I believe the purpose is to contrast and compare the old-fashioned, labor-intensive, time-consuming method with the more modern, faster approach in the end product. However, this is never really accomplished, as the video ends with the buttons being sewn on the jacket, and the completed garment is never seen, except for a couple of quick shots added in as an afterthought, of Gertie flashing it over a Craftsy logo T-shirt. I suspect this was a wadder, since the actual jacket is not showcased along with the other suits or displayed on a badge like the bombshell dress was.
I was not impressed with the quality of the information contained in the video. Rather than an expert teaching from years of mastering the subject, it's more like an intermediate seamstress exploring techniques she read in old books and magazines; and the methods presented are not necessarily the best, easiest, or most efficient ones out there. For example, the patch method used for bound buttonholes is cumbersome and requires endless manipulation to form the lips by hand. Gertie references an alternate method on her blog, but a far better tutorial can be found in Jackets for Real People.
The lesson on attaching the collars and facings is especially convoluted, with starting and stopping a seam several times (supposedly for better control). This could have been executed more effectively by simply basting and then sewing it all in one pass. In this same section, it's almost painful to watch as Gertie presses the curved collar open on a point presser (the collar has no point or straight edge like a traditional shirt collar); she really needs a June Tailor board for this task.
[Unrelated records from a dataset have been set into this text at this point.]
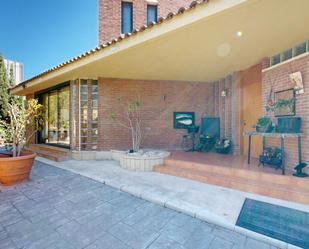 Jardí de Casa o xalet en venda en Alicante / Alacant amb Terrassa i Piscina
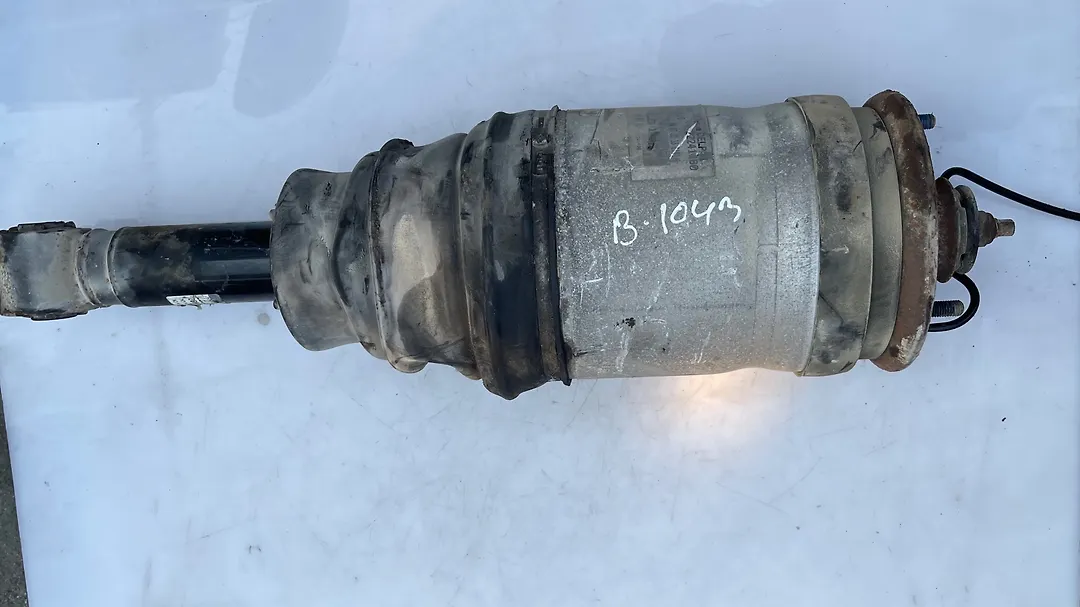 Shock Absorber (RHB) - 2010 Land Rover SPORT
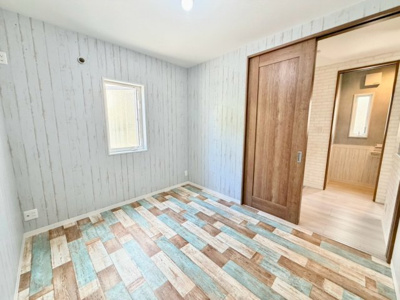 【洋室】 | 毛穴町　中古一戸建 | 【お急ぎの方に嬉しい即入居可能】空家につきいつでも内覧可能ですので、お気軽にお問い合わせ下さいませ！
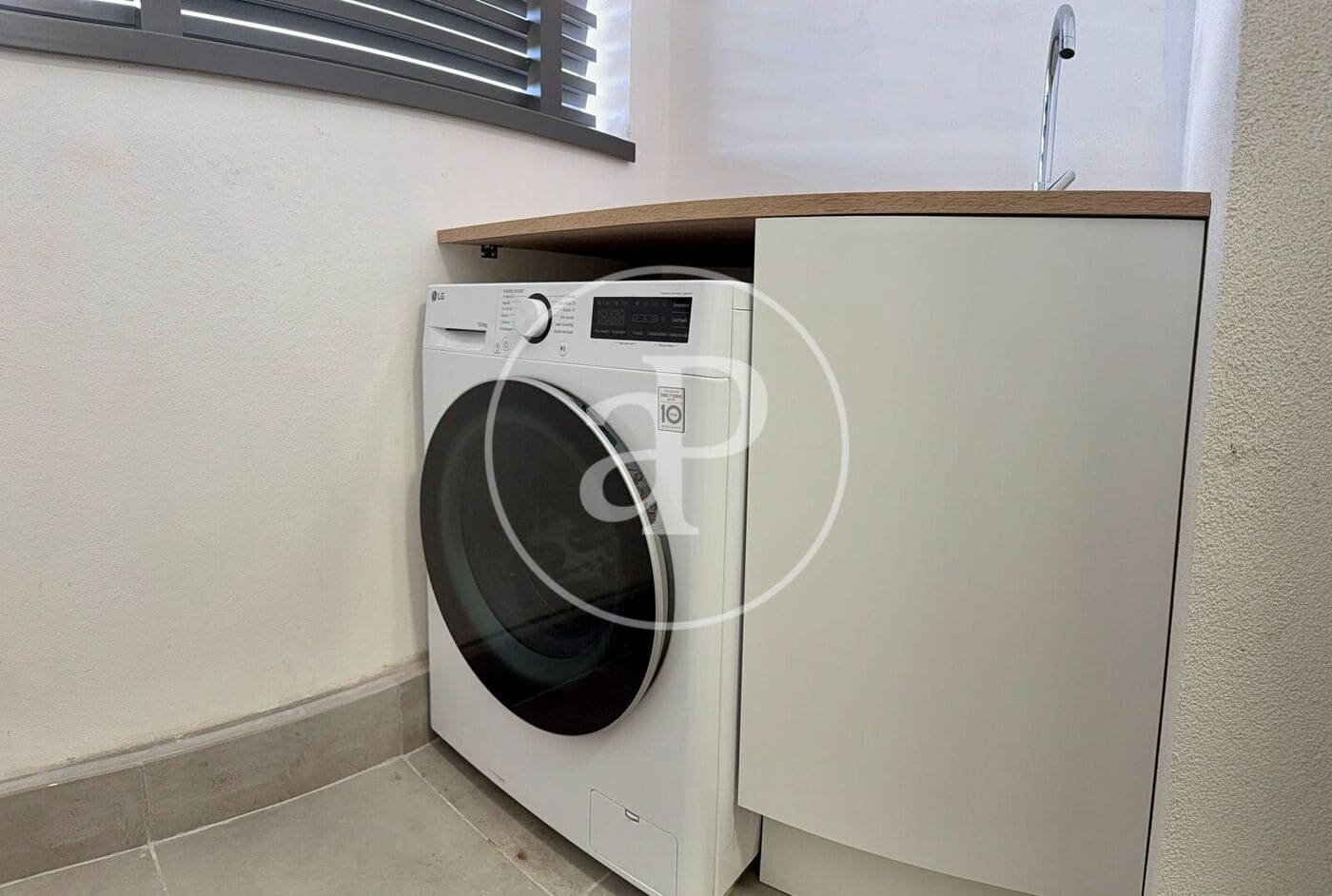 2 soverom Leilighet til leie i Valencia by med svømmebasseng garasje - € 1 975 (Ref: 9890470)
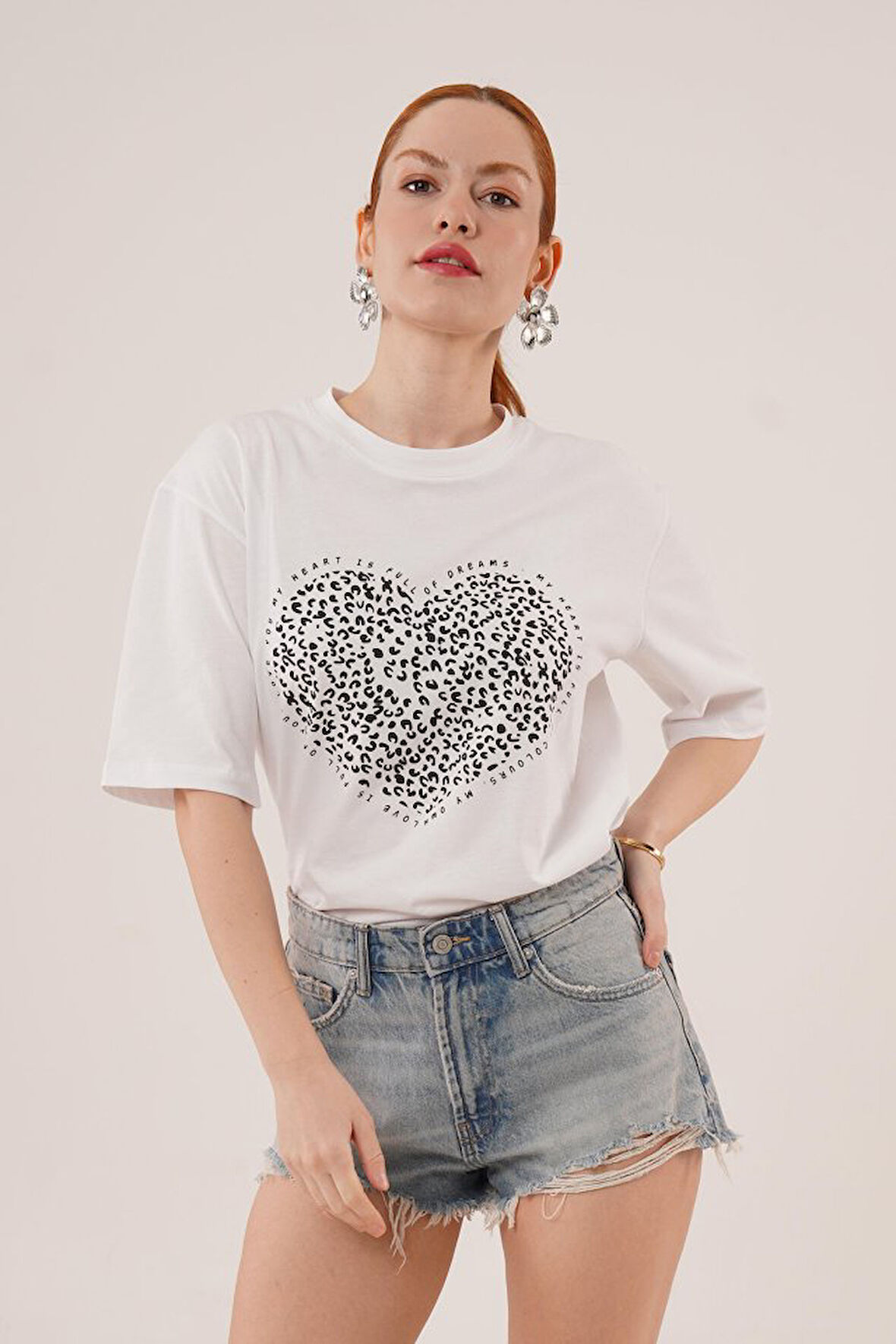 Kalp Baskılı Crop Beyaz Tişört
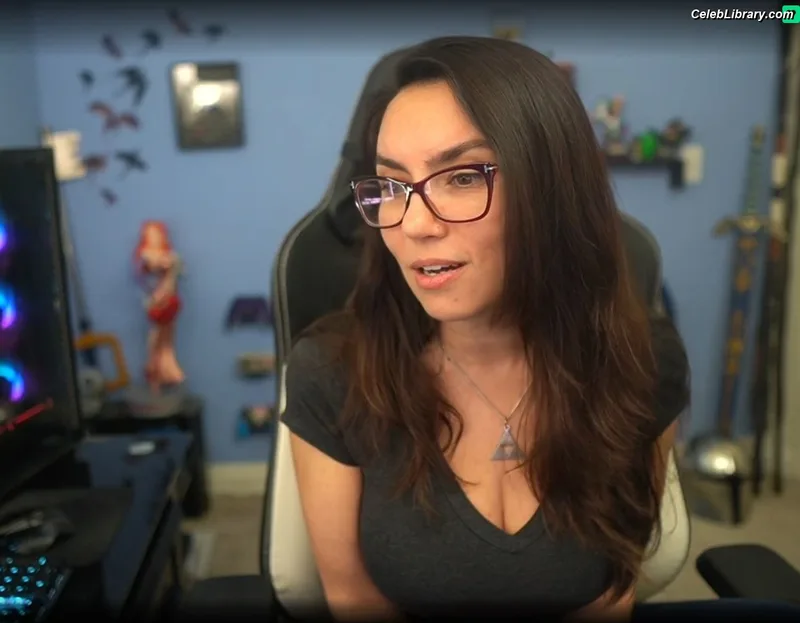 Trisha Hershberger photo 20 of 1447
She mentions a contour pressing board generically, and someone posted a question asking for more information about it, but the question remains unanswered.
The only useful bit I gleaned from the class was having the process of pad stitching being demonstrated live rather than in two-dimensional textbooks. I'm still not a convert as to the value of such a practice, especially when I am satisfied with the results achieved through the lapel wedge.
The pattern included in the class is crudely drafted. The curves on the collar and under collar don't match, not because one is supposed to be slightly smaller to favor the seam, but because the lines are just wonky. The same applies to the front facing and jacket front.
Overall, I was disappointed in the class; it's simply not as well-done as the bombshell class.